== Segment start ==

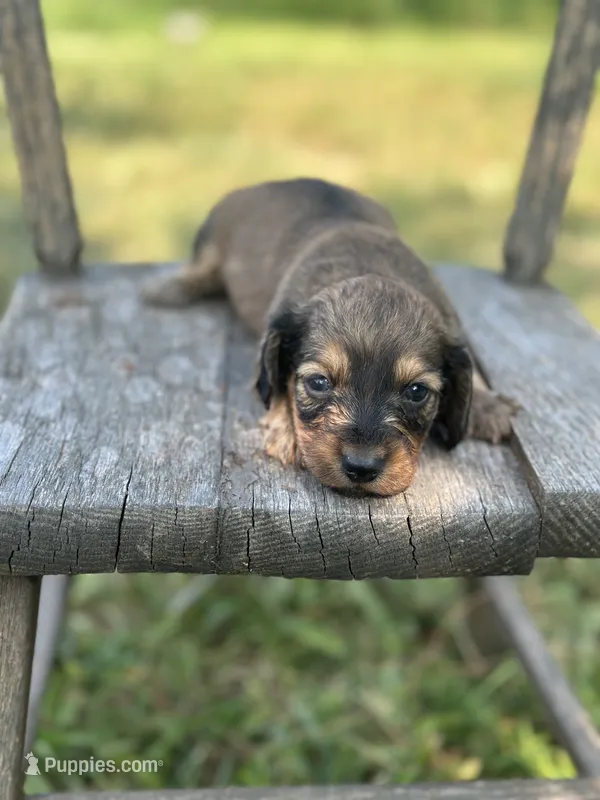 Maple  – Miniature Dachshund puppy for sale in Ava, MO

== Segment end ==
== Segment start ==

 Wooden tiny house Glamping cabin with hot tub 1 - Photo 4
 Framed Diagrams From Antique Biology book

== Segment end ==

What you have to do: Retype exactly the lines above, from the one with "Wooden tiny house" through the one with "Framed Diagrams From Antique Biology book", inclusive.

Reply:
 Wooden tiny house Glamping cabin with hot tub 1 - Photo 4
 Framed Diagrams From Antique Biology book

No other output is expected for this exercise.